Assigned task
Please set down exactly the lines from the one containing "Study Of A Faun" through the last line of the records below, both included, with no pictures.

Exercise material

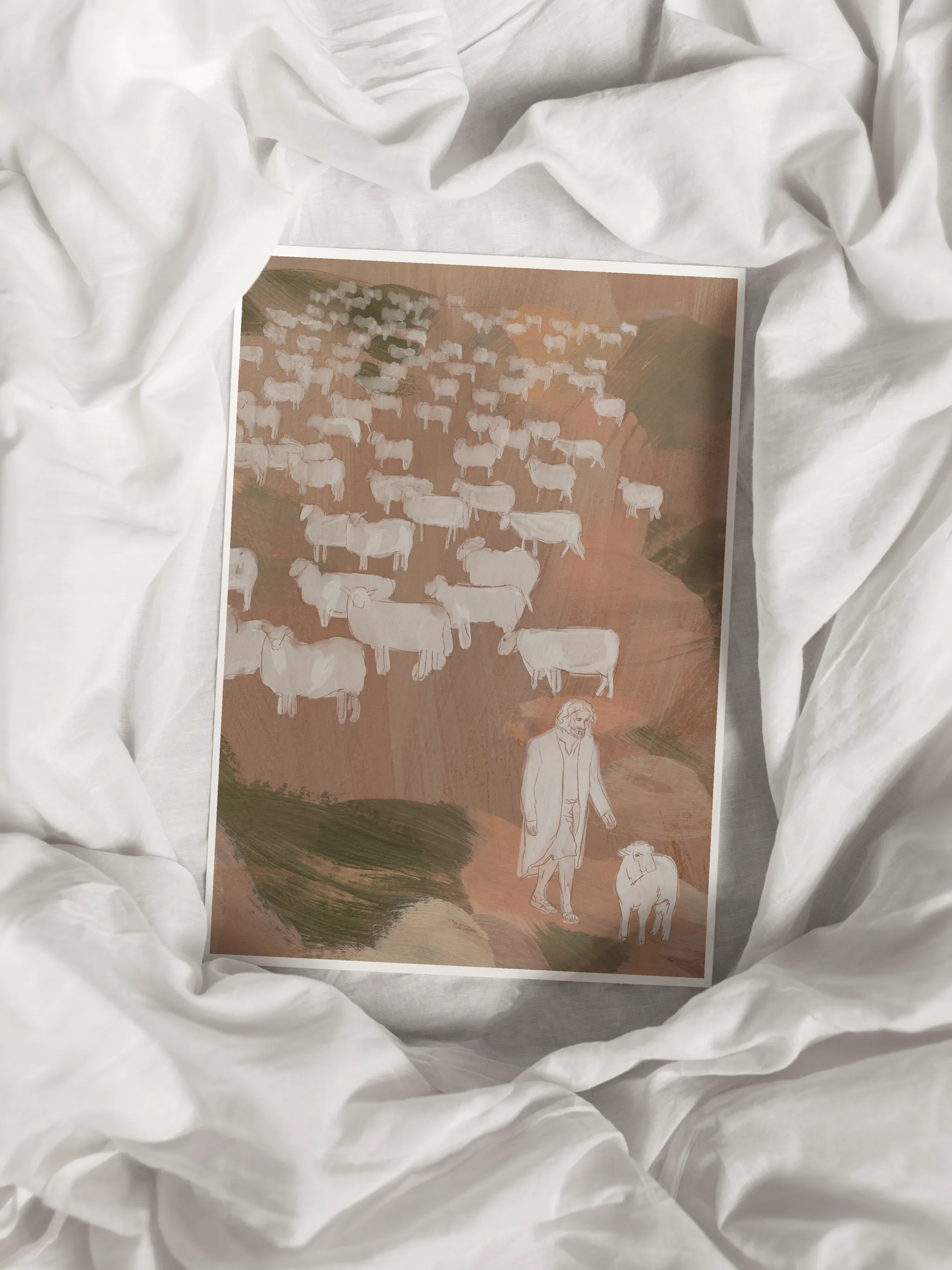 Jesus Leaves the 99 Sheep, shown as a print.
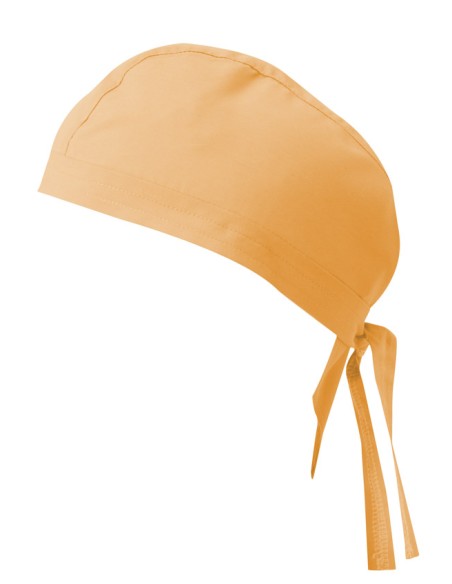 GORRO CON TIRAS. NARANJA CLARO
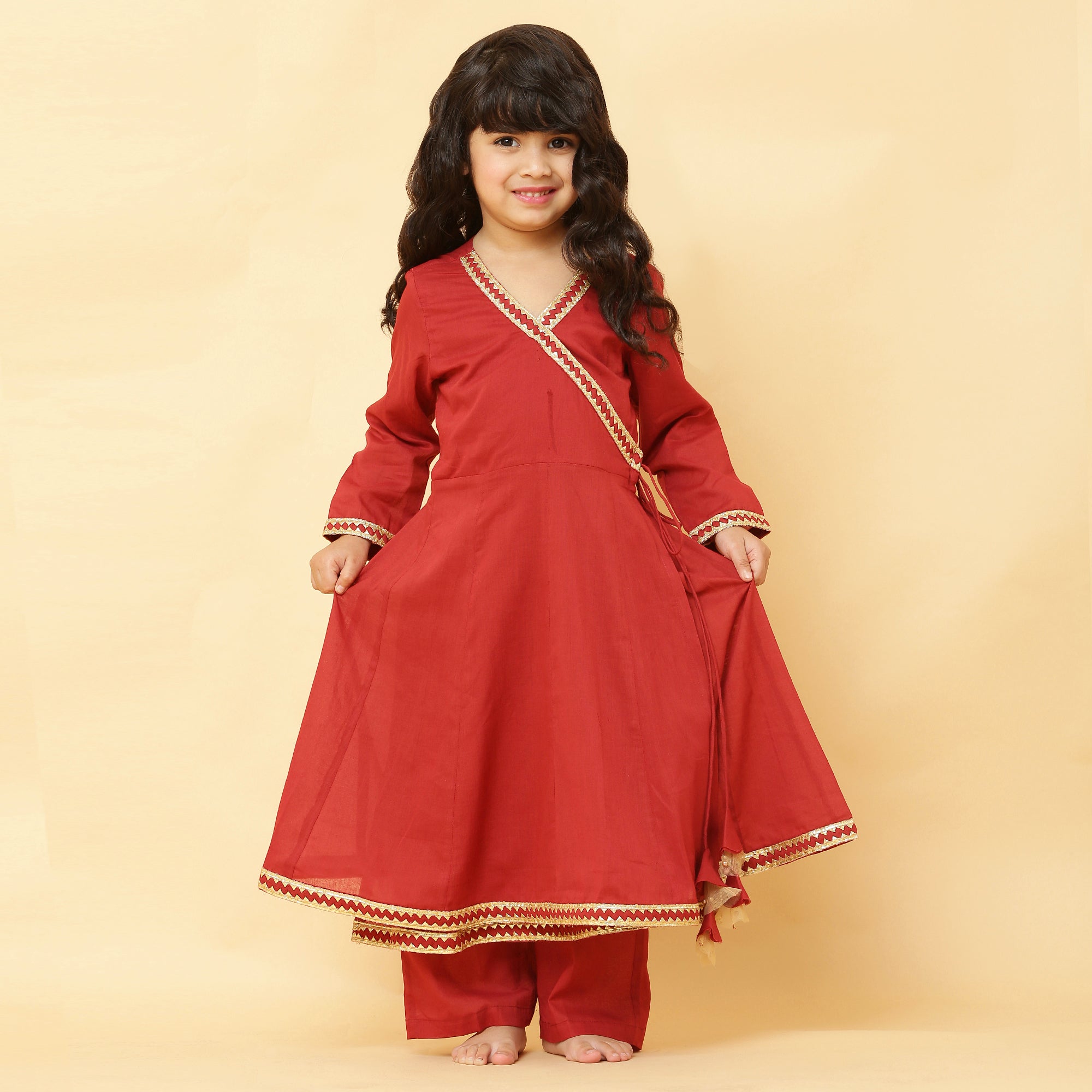 Girls Maroon Kurta Pant Set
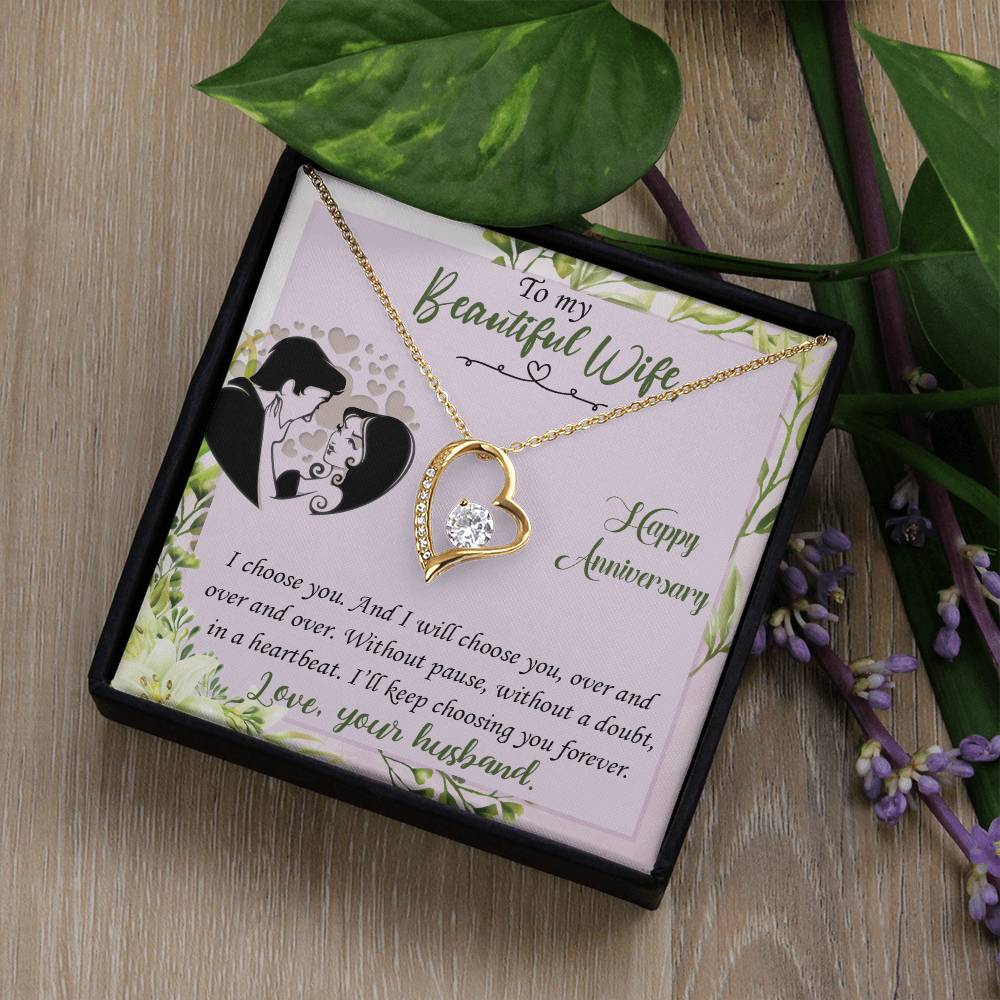 I Choose You Forever Love Gold Necklace - Anniversary Gift | Necklace for Wife | Gift for Wife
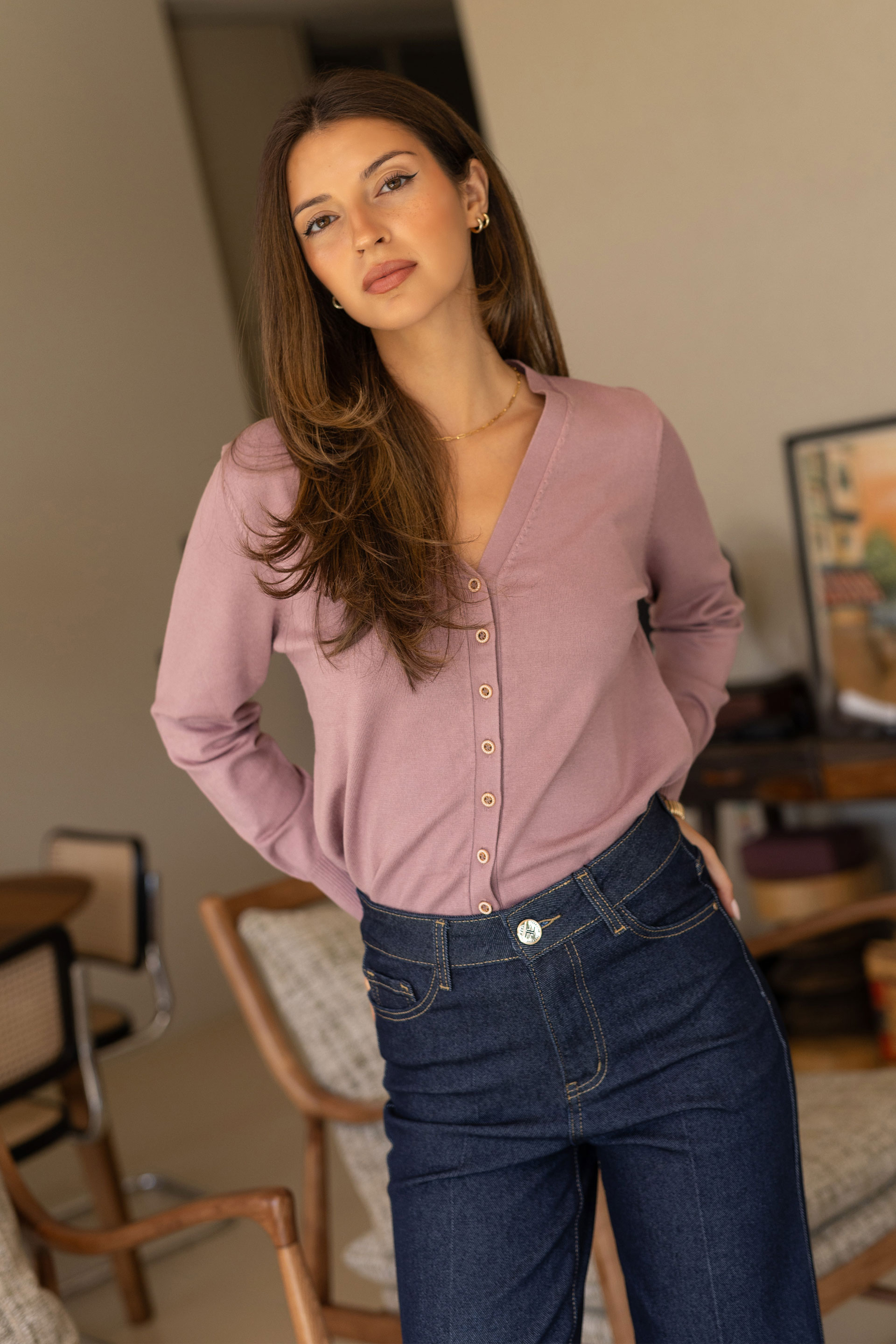 Basic knit cardigan with logo buttons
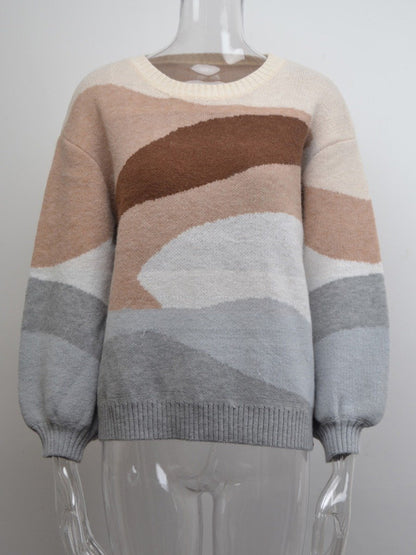 Splicing Knitted O-neck Patchwork Colorblock Sweater Pullover Sweater 2021 Autumn and Winter New Color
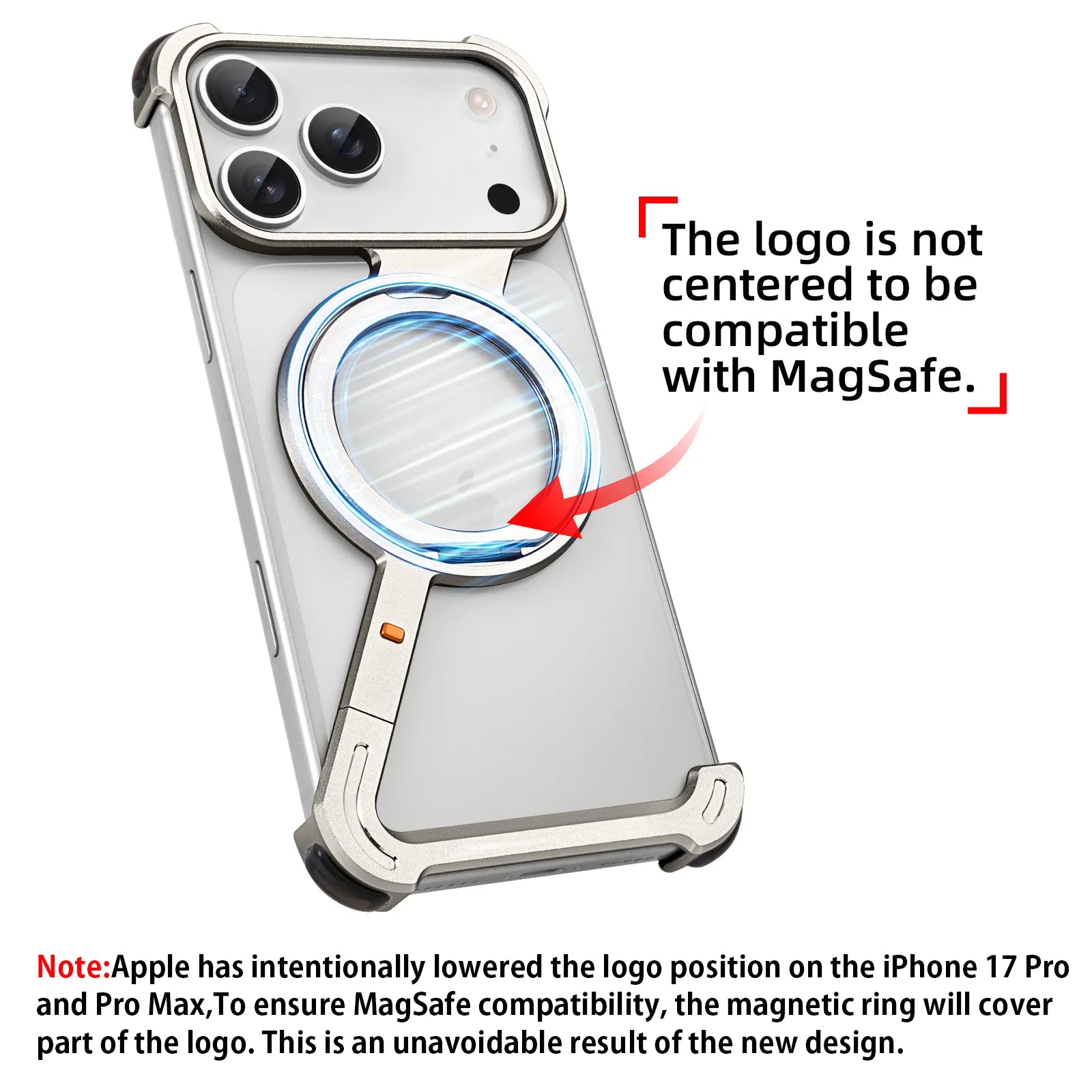 Eary Z Case for iPhone 17 Pro Max Air Phone Case Frameless 360°Rotation Magnetic Stand for Magsafe Shockproof Protective Cover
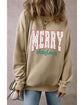 Parchment Festive Element Printed MERRY Christmas Graphic Sweatshirt - XL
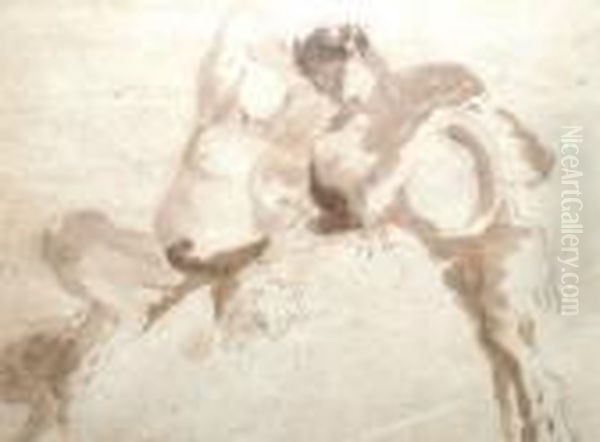 Study Of A Faun And A Fauness Holding A Tambour Oil Painting by Giovanni Battista Tiepolo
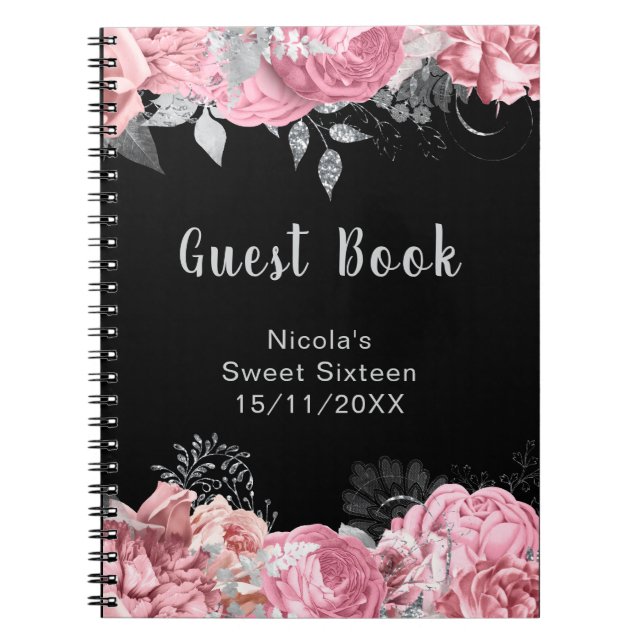 Elegant Pink and Silver Flowers Sweet Sixteen Notebook (Front)
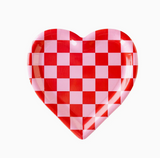 Checkered Heart Diecut Plates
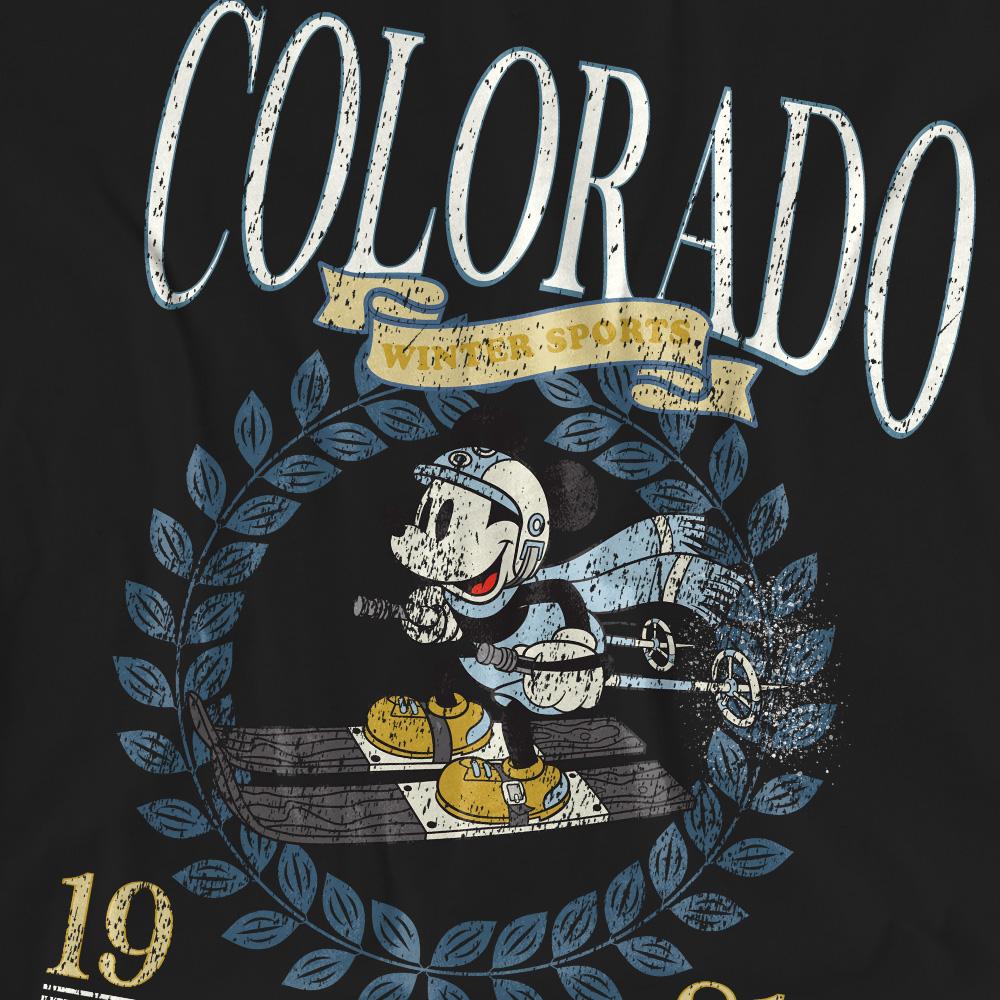Black - Pack Shot - Disney Unisex Adult Colorado Ski Mickey Mouse T-Shirt
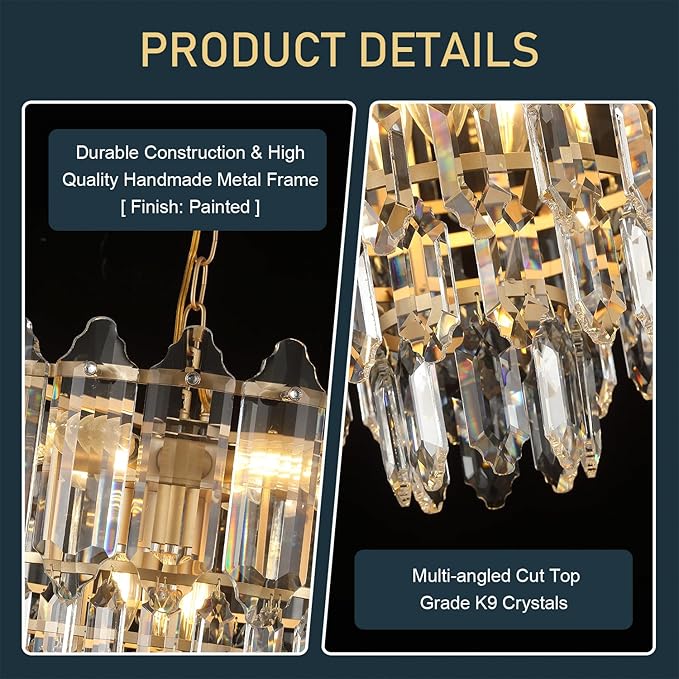 20" Gold Crystal Chandelier Modern 9-Light Luxury Chandelier Light Fixtures 5 Tiers K9 Crystal Round Lighting for Dining Room Bedroom Kitchen Island Living Room Foyer Entryway, E12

Answer to this exercise
 Study Of A Faun And A Fauness Holding A Tambour Oil Painting by Giovanni Battista Tiepolo
 Elegant Pink and Silver Flowers Sweet Sixteen Notebook (Front)
 Checkered Heart Diecut Plates
Black - Pack Shot - Disney Unisex Adult Colorado Ski Mickey Mouse T-Shirt
 20" Gold Crystal Chandelier Modern 9-Light Luxury Chandelier Light Fixtures 5 Tiers K9 Crystal Round Lighting for Dining Room Bedroom Kitchen Island Living Room Foyer Entryway, E12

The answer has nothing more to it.